Le Rite Écossais Rectifié, et le Régime qui lui sert de vecteur, se distinguent des autres systèmes maçonniques tant par leur genèse très claire, dont on connaît précisément toutes les étapes, ainsi que tous les acteurs qui furent au centre de leur développement.

Une cohérence exceptionnelle, essentiellement due au fait que les fondateurs du Régime et les rédacteurs du Rite avaient une idée extrêmement précise du résultat final qu'ils voulaient obtenir.

Ils ont su manier avec une grande habileté, des matériaux symboliques et rituels d'origines différentes, pour en faire naître une œuvre homogène, pédagogique, initiatique.

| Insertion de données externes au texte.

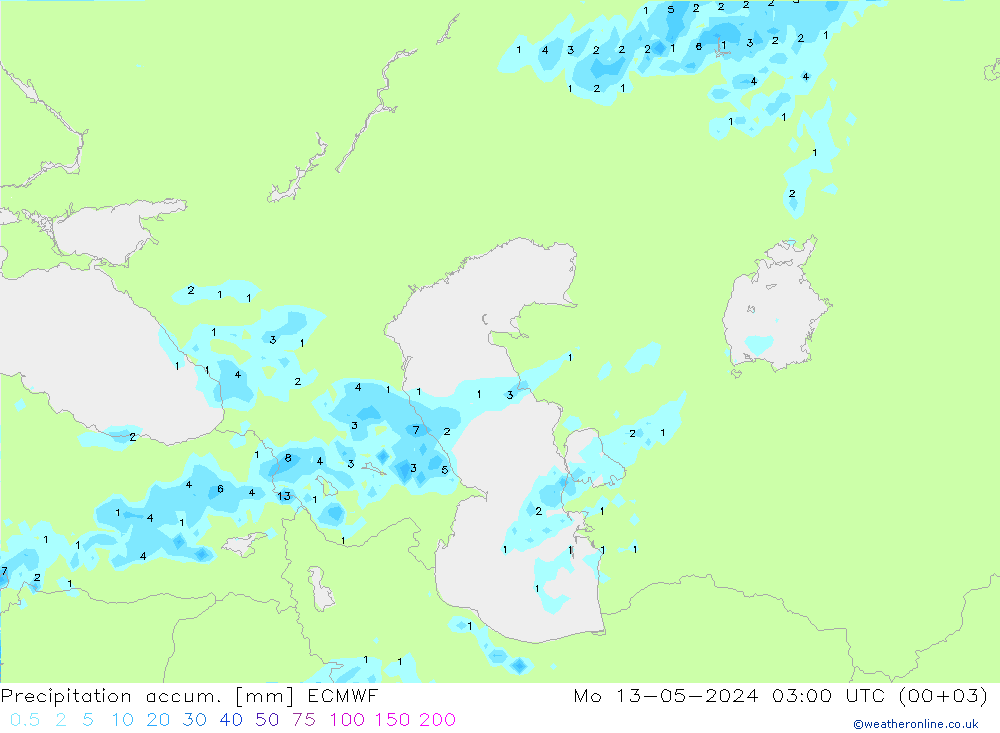 Precipitation accum. ECMWF lun 13.05.2024 03 UTC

Le Rite Écossais Rectifié est ainsi véhiculé par une organisation structurelle – le Régime écossais Rectifié – 

Originellement articulée en trois classes de métier, chevaleresque et sacerdotal, reproduisant les trois divisions supérieures de toute société traditionnelle, dont seules les deux premières sont aujourd'hui régulièrement pratiquées en France.

Il A Pour Principes De Base :

— La fidélité à la religion chrétienne,

— L’attachement au respect d'une part des anciennes obligations de l'Ordre Maçonnique, c'est-à-dire des règles traditionnelles de la Franc-Maçonnerie Régulière, d'autre part des principes et traditions maçonniques et chevaleresques propres au Régime, résultant notamment des Convents de Lyon en 1778 et de Wilhelmsbad en 1782,

— Le perfectionnement spirituel de ses membres, par la pratique de l'action que tout homme doit faire sur lui-même pour vaincre ses passions, corriger ses défauts et progresser vers la réalisation spirituelle, et l'approfondissement de l'ésotérisme chrétien.

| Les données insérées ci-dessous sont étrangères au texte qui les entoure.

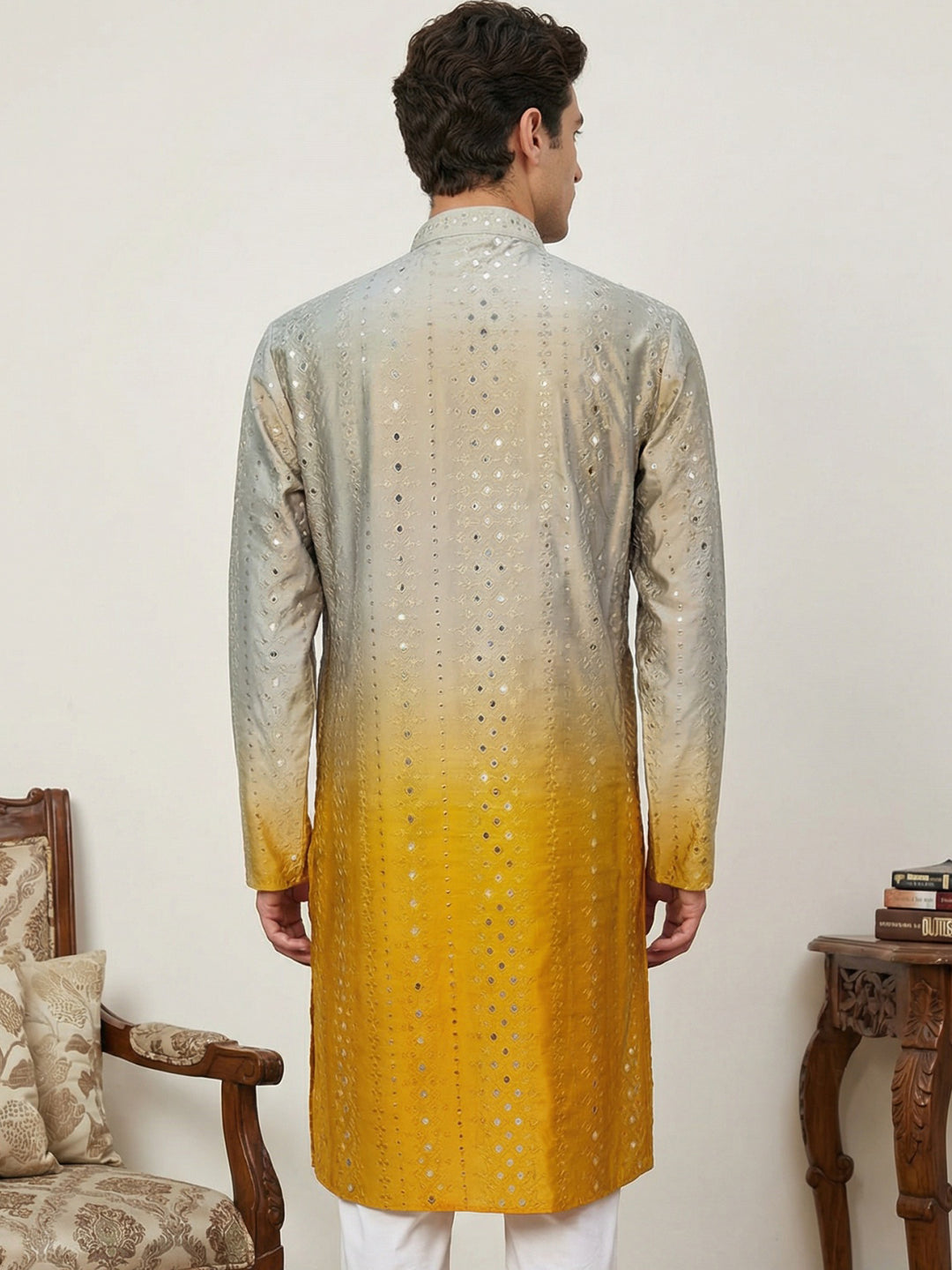 Ombre Silk Blend Kurta With Sequin Work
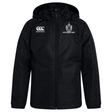 The Highlanders Rugby NC Club Vaposhield Stadium Jacket by Canterbury, featuring the Highlanders Rugby logo on the left chest and the Canterbury logo on the right chest, comes in black with a hood and padded insulation for added warmth.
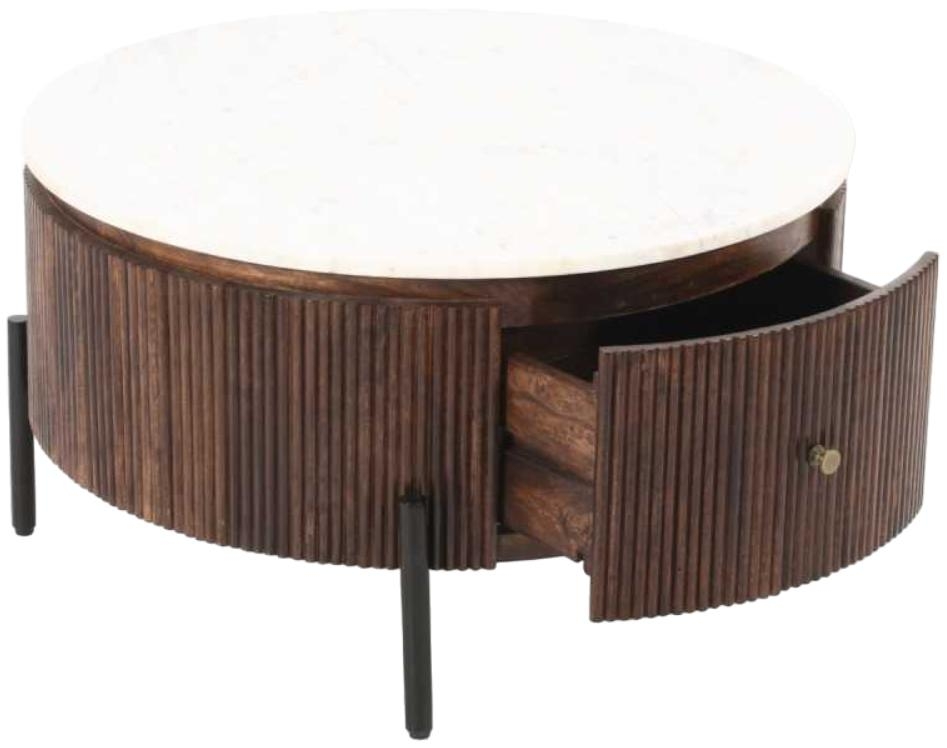 Product photograph of Opal Brown Round Fluted Marble Top 1 Drawer Coffee Table from Choice Furniture Superstore.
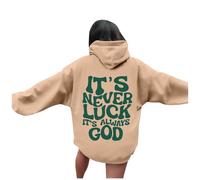 Christian It's Never Luck It's Always God Anime Hoodies for Women Trendy Crewneck Jesus Long Sleeve Hooded Sweaters Trust In The Lord Cute Vintage Letter Sporty Graphic Tops Ladies Dark Purple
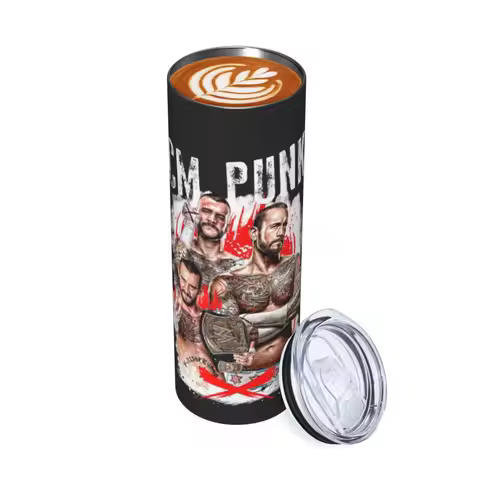 CM Punk WWE Stainless Steel Tumbler Vacuum Insulated Mug Thermal Cold Bottle Straw With Lid 20oz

— La pratique constante d'une bienfaisance éclairée envers tous les hommes. 

I - Histoire du Régime

Le Régime Écossais Rectifié a été constitué et organisé entre 1774 et 1782 par deux groupes de maçons strasbourgeois et lyonnais, dont les plus importants furent Jean et Bernard de Turkheim et Rodolphe Saltzmann à Starsbourg, et celui qui en fut le principal inspirateur, le maçon lyonnais Jean-Baptiste Willermoz. 

La fondation du Régime Écossais Rectifié est sous-tendue par une idée centrale qui durant toute sa vie a habité l'homme qui fut au centre de cette naissance, Jean Baptiste Willermoz.

Intimement persuadé que la franc-maçonnerie était le véhicule de vérités supérieures, que son véritable objet était d'éclairer l'homme sur sa destinée spirituelle, 

mais aussi de lui donner les moyens de réintégrer son état primordial, Jean-Baptiste Willermoz allait, sur le fondement de cette idée directrice, et dans l'unique but de rendre réelles et actives les potentialités et virtualités inscrites dans l'essence même de l'homme, 

Être l'architecte en chef de la construction du Régime et du Rite Écossais Rectifié, et imprégner sa construction de la doctrine qu'il contient.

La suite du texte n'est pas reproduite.